9

I wish to make a Perl program of mine use multiple cores. It progressively reads query input and compares chunks of that against a read-only data-structure loaded from file into memory for each run. That data-structure, which is typically a few giga-bytes, is a small set of packed strings that are used in small C-routines. When processes are forked, everything is copied, which on a multi-core machine quickly blows the RAM. I tried several non-standard modules, but all leads to slowness and/or blows the RAM. I thought, for read-only data, that Perl would not insist on making copies. Other languages can do it. Does anyone have ideas?

ЯegDwight
  • 24,821
  • 10
  • 45
  • 52
Niels Larsen
  • 119
  • 4
  • 1
    This discussion looks interesting: http://stackoverflow.com/questions/9733146/tips-for-keeping-perl-memory-usage-low In particular, someone suggested mounting some RAM as a hard drive, then using file I/O from there. That would solve your problem. The question is: is it worth it? – dan1111 Oct 03 '12 at 14:20
  • Thanks, using a file is an option. But I think the children will then spin the disk so much that multi-core speed becomes worse than single-core with all in ram. I say this, because I had an earlier version of the program that used a file, and it was 20x slower.
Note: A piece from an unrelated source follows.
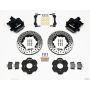 Wilwood 140-10206-D Combination Parking Brake Rear Kit 11.00in Drilled Civic / Integra Disc 2.39 Hub Offset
One of the modules uses Sockets to make the memory "shared", but that too slows things a lot. – Niels Larsen Oct 03 '12 at 14:52
  • Note that dan1111 is not suggesting you use actual files. Disk spin doesn't enter into this solution. – darch Oct 03 '12 at 16:01
  • Ah yes, I misread. But making a ramfs is OS specific, and I also want the program to run as a regular user. I might try Sys::Mmap. – Niels Larsen Oct 03 '12 at 21:52
  • What does "blows the RAM" mean? I couldn't find anything relevant for that phrase on Google. – Starfish Oct 08 '12 at 17:38
  • @Starfish This is just a phrase for "the program consumes more memory than available on the system". Usually, Perl will terminate with an "out of memory" message in this case. – amon Oct 08 '12 at 17:50

3 Answers3

2

Fork doesn't normally copy memory until it's modified (search for copy on write or COW). Are you sure you are measuring memory usage correctly? Subtract before/after values from free rather than using top.

EDIT - example script

Try running the following with settings like: ./fork_mem_usage 5 10000 ./fork_mem_usage 25 10000 ./fork_mem_usage 5 100000 ./fork_mem_usage 25 100000

If the first increase is bigger than the subsequent ones then fork is using copy-on-write. It almost certainly is (except for Windows of course).

#!/usr/bin/perl
use strict;
use warnings;

my $num_kids  = shift @ARGV;
my $arr_size  = shift @ARGV;
print "$num_kids x $arr_size\n";

my @big_array = ('abcdefg') x $arr_size;
die "Array wrong length" unless ($arr_size == @big_array);

print_mem_usage('Start');

for my $i (1..$num_kids) {
    my $pid = fork();
    if ($pid) {
        if ($i % 5 == 0) {
            print_mem_usage($i);
        }
    }
    else {
        sleep(5);
        exit;
    }
}

print_mem_usage('End');
exit;

sub print_mem_usage {
    my $msg = shift;
    print "$msg: ";
    system q(free -m | grep buffers/cache | awk '{print $3}');
}
Richard Huxton
  • 21,516
  • 3
  • 39
  • 51
  • Yes, I get 'out of memory' error, copies are made. Suggestions welcome how to avoid those. I tried all I can find. – Niels Larsen Oct 03 '12 at 20:29
  • Thanks for the deluxe response. ./fork_mem_usage 25 100000 gives: 25 x 100000 Start: 320 5: 322 10: 322 15: 322 20: 323 25: 323 End: 323 – Niels Larsen Oct 04 '12 at 13:01
  • So the first one uses ~ 2MB, the rest less than 1 each. Whatever your problem is, it's not fork copying read-only memory. – Richard Huxton Oct 04 '12 at 13:07
  • 2
    Indeed, right you are .. On my old Lenovo laptop with 2 gb ram total, any number of 600 mb children can be launched. I changed your test to a hash of strings, which resembles my data structure more, and took random sub-strings in the children. I am grateful you put it under my nose, and I'm sure i tested plain fork, but must have made a mistake. On my stone I shall put "He who never checked properly". – Niels Larsen Oct 04 '12 at 14:24
0

Edit & Summary:

I have been terribly wrong about threads::shared being an option. Upon thread creation, even shared data structures are copied. This does indeed suck, and I can therefore summarize that Perl is completely incapable for memory-intensive computations.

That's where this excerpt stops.